Seja Basquiat e não DiCaprio
Aprenda a ler lendo bell hooks

[Be Basquiat and not DiCaprio
Learn to read by reading bell hooks]

Froid feat. Djonga, A Pior Música do Ano

The Impact of Jean-Michel Basquiat on Black Culture and Hip Hop

Jean-Michel Basquiat is a symbol of resistance and black excellence. Not only is he cited in songs, but his works are also collected, and sometimes even tattooed or painted by artists like Swizz Beatz, who finds in Basquiat a true model and an inexhaustible source of inspiration. More than his character and appealing personality, Basquiat’s art is represented in a few ways in hip-hop culture.

Rap music is multi-layered and complex. Just as Basquiat referred to Egyptian mythology or his Caribbean origins, artists like Cormega in the United States, Froid in Brazil, or Disiz la Peste in France celebrate black culture, in all its diversity:

Fine Art in Rap Music: Cormega, album cover of Mega Philosophy, 2014, Slimstyle Records. Albumism
Fine Art in Rap Music: Sam Woolley for Cormega, the album cover of Mega Philosophy, 2014, Slimstyle Records, New York, NY, USA. Albumism.

I move honorably, gained a lot of respect
Saw of poverty but wouldn’t trade God for success
In fact maybe I’m too advanced for crack babies
My impact is similar to Basquiat paintings
Visually fascinating, reality rap – not the fabricated

Cormega, MARS (Dream Team)

2. The Enduring Inspiration of Pablo Picasso: A Lyrical Tribute

Pablo Picasso, 1950s. Photograph by André Villers. © ADAGP, Paris and DACS, London 2023
Fine Art in Rap Music: André Villers, Pablo Picasso, ca. 1950s, ADAGP, Paris, France and DACS, London, UK. Christies.
A lyrical painter, the Fresh Prince
And y’all in awe of my Picasso essence

DJ Jazzy Jeff & The Fresh Prince, Just Kickin’ It

If there is an artist universally known around the world, an artist whose creative energy and success were made inspirationally, it is Pablo Picasso.

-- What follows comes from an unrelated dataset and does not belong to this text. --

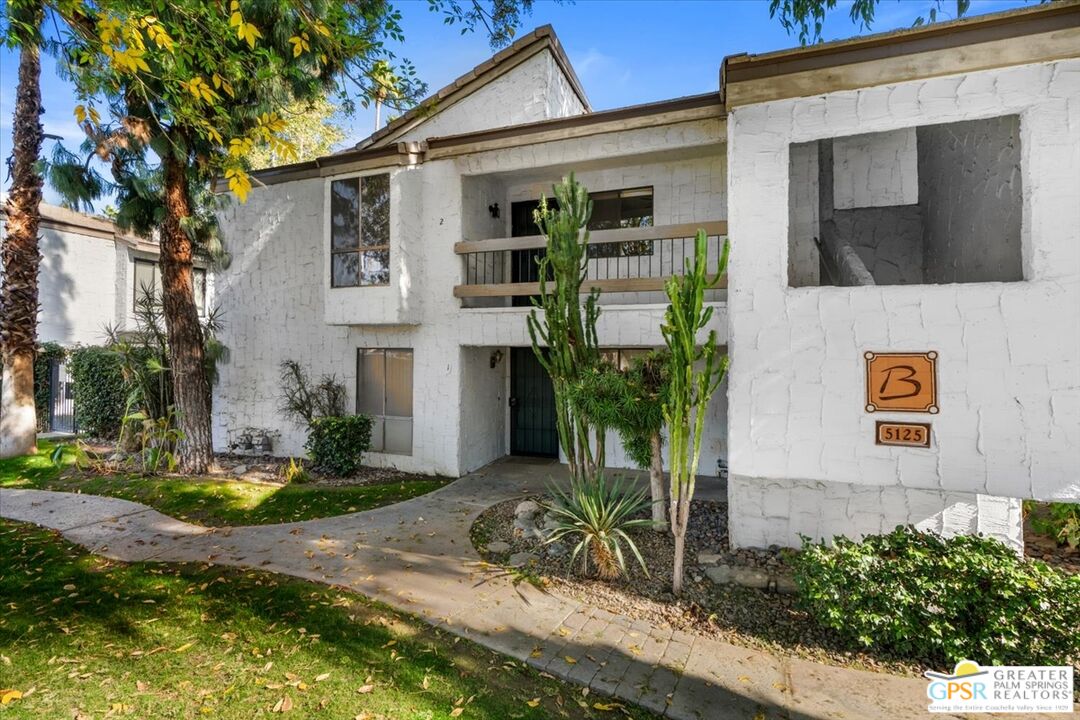 5125 E Waverly Dr Unit: B2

Picasso is the kind of man who dedicated his whole life to art. Contrary to Basquiat, Picasso learned it early in his life. His father was a drawing teacher and encouraged his son onto an artistic path from a young age. At least from the age of four, to the last day of his life at 89 years old, the Spanish painter never stopped creating.

From Cubism to Modern Culture

Picasso was a forerunner and a leader. Although he developed different styles throughout his career, he is most famous for being the inventor of Cubism. The thing is that he developed it in collaboration with French painter Georges Braque, but Braque was less charismatic than Picasso. Whoever stood next to Picasso, whether it be his (multiple) wives or his friends, stayed in his shadow. Picasso fascinates, as much as he irritates. This aspect of his personality is also the reason why people, rappers included, keep talking about him.

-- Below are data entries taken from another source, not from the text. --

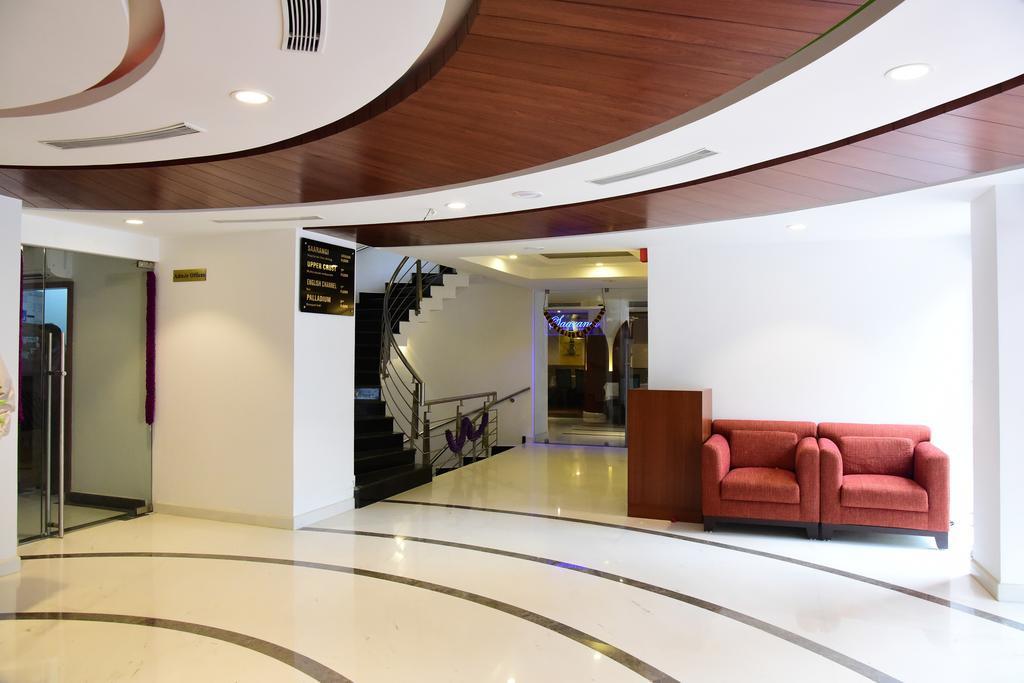 The Royal Comfort Bangalore Bagian luar foto
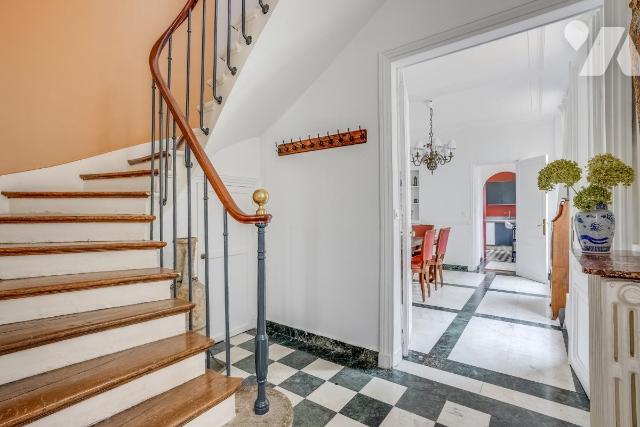 Maison 5 pièces 124 m² · à Paris 8e Arrondissement · 124 m² · 1 814 400 €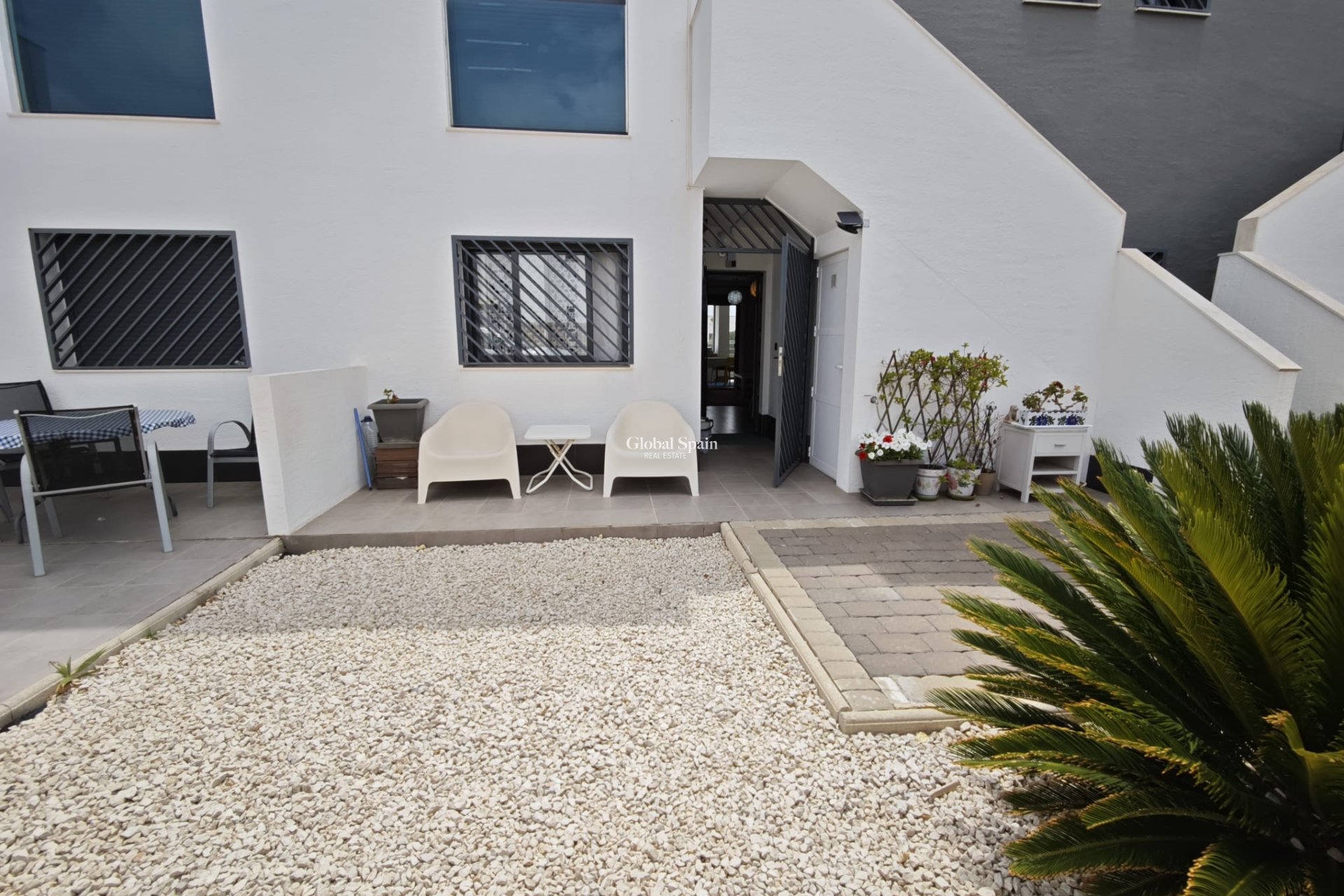 Resale - APARTMENT -
LA ZENIA - Costa Blanca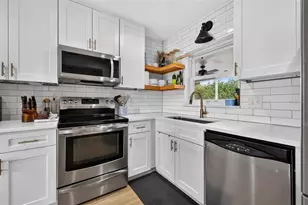 2101 37th St N, Saint Petersburg, FL 33713 - Photo 15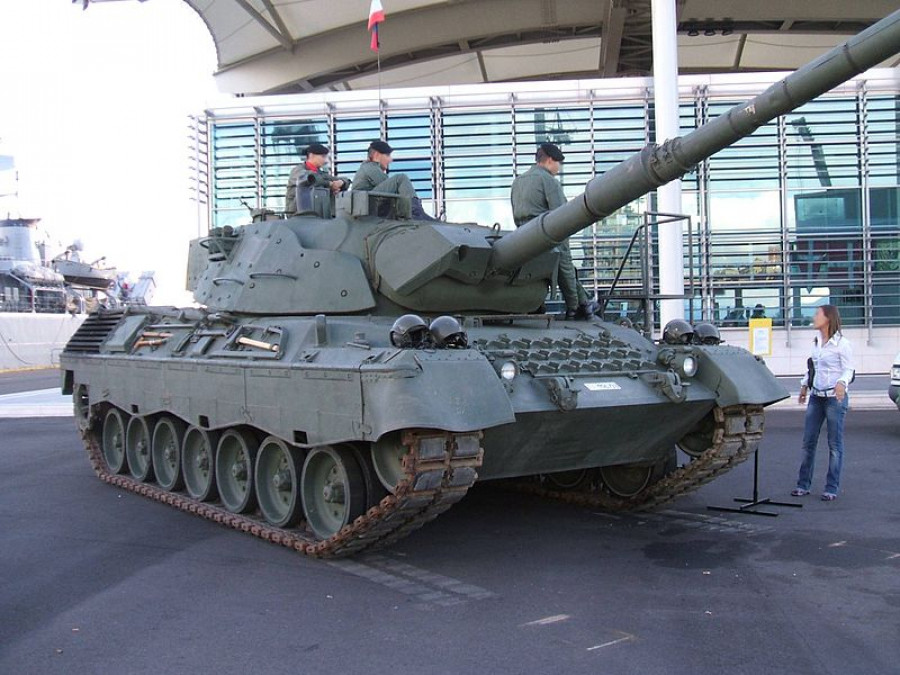 Carro de combate Leopard 1A5 italiano. Foto Wikimedia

Mac Miller at home in July 2018. CLARKE TOLTON FOR ROLLINGSTONE.COM
Fine Art in Rap Music: Mac Miller at home in July 2018. Photograph by Clarke Tolton for Rollingstone.

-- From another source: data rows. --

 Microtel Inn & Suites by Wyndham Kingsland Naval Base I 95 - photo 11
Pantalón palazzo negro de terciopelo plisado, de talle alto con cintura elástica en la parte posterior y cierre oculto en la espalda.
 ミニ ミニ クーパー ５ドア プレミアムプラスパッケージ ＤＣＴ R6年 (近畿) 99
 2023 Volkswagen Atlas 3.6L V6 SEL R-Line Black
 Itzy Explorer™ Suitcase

Young Picasso, ya feel me? I thought so
There’s people in the world that are jealous of success
Don’t ever second guess yourself, step or get left

Mac Miller, Live Free

In the rap world, where emcees are in competition with each other on a musical level, everyone tries to be the next Picasso, the only one that history will vividly remember.

Rap is an art and I’m like Picasso
But of course, why else would you try so

Kool Moe Dee, How Ya Like Me Now

3. Michelangelo’s Influence on Rap Culture: The Power of Artistic Legacy

Daniele da Volterra, Michelangelo’s Portrait Based On His Death Mask, 1570,
Fine Art in Rap Music: Daniele da Volterra, Michelangelo’s Portrait Based On His Death Mask, 1570, Accademia Gallery (Galleria dell’Accademia), Florence, Italy. Photograph by Maurizio Bolognini via Museo Tattile Statale Omero Archive.

‘Cause each and every time you touch a spraypaint can
Michaelangelo’s soul controls your hands

Grandmaster Melle Mel & The Furious Five, Beat Street Breakdown

Pablo Picasso was certainly admired, but Michelangelo was desired by the most powerful people of his time. At a period when artists didn’t yet have a social status as important as they do now, especially painters and sculptors, Michelangelo was respected and feared by the Pope himself. In his book, The Story of Art, Ernst Gombrich writes that after a disagreement, Pope Jules II begged the Florentine artist to come back to Rome to realize a project he only wanted to be done by him.

The Importance of Talent and Artistic Personality

Thus, when rappers compare themselves to Florentine artists, it is not an easy claim. When LL Cool J says that the Pope “raised Michelangelo from the dead so he can make a fresh painting of my head” it can be interpreted as a claim of high recognition as a talented artist, which has been historically harder for black people. In this light, the rapper implies his accomplishment is bigger even than the Italian artist’s.

Fine Art in Rap Music: LL Cool J, ca. 1985. Photograph by Janette Beckman via Bloombrg.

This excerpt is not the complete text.